The Ultimate Guide to Industrial Burners - Lindberg Process Equipment

Industrial burners are used for heating, melting, manufacturing, and steam production. They can also be used for other industrial processes that require heat. Contrary to popular belief, burners are not the same as boilers. To better understand industrial burners, how they work, and their vital components, continue reading below. Selecting the best burner is vital to an effective manufacturing process, and some choices can even make your burners environmentally friendly.

Understanding Industrial Burners

There are complex processes that take place inside industrial burners. Burners are used to mix oxygen with fuel in order to produce controlled combustion. The fuel is inserted into the system using a burner tip, which is crucial to the heating process. The burner then produces a specific flame and heat-release pattern, which can be controlled inside the combustion chamber.

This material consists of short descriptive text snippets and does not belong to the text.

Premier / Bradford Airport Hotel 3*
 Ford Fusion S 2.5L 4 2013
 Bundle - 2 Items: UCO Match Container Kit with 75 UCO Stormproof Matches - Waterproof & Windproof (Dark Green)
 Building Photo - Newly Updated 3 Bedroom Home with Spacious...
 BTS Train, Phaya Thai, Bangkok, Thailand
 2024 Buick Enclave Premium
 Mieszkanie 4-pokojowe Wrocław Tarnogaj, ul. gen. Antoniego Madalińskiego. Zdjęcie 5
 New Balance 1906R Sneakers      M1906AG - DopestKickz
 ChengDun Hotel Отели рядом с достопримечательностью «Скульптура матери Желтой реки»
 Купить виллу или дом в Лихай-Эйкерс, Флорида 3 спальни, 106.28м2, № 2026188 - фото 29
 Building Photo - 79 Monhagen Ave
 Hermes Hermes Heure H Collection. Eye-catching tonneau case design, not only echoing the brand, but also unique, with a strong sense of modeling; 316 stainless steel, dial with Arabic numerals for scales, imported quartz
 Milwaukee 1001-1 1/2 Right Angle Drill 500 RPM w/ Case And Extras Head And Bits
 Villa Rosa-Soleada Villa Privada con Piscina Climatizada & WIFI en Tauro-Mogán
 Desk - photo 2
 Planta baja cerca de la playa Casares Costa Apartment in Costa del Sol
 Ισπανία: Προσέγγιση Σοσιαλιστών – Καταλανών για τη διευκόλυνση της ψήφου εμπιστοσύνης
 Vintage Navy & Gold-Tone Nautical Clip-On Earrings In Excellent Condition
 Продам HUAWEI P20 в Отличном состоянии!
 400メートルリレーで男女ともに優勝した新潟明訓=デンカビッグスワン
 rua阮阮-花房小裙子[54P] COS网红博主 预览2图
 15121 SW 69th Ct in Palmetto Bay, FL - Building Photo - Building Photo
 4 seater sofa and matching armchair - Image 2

As mentioned, industrial burners can be used for melting, manufacturing, and steam production processes. There are a variety of different burner types used in both residential and commercial applications. The most common burners are:

  • Cold air burners: Burners that are often found on residential devices like gas ranges and furnaces.
  • Hot air burners: Types of burners that preheat incoming air using a central heat-exchanger device.
  • Regenerative burners: Burners that use a pair of burners to alternate between firing and exhausting, preheating a regenerative heat exchanger box to create hotter preheated air.
  • Oxy-fuel burners: Type of burner that uses pure oxygen to burn with fuel instead of combustion air.

Industrial burners have other distinguishing features, such as varying velocity flames. Burner results depend on the burner velocity. For shorter, more intense flames, high-velocity burners are used. Alternatively, low-velocity burners produce lazier flames. In situations where melting is the goal, medium-velocity flames are preferred because they make a uniform flame that drives heat to metal effectively.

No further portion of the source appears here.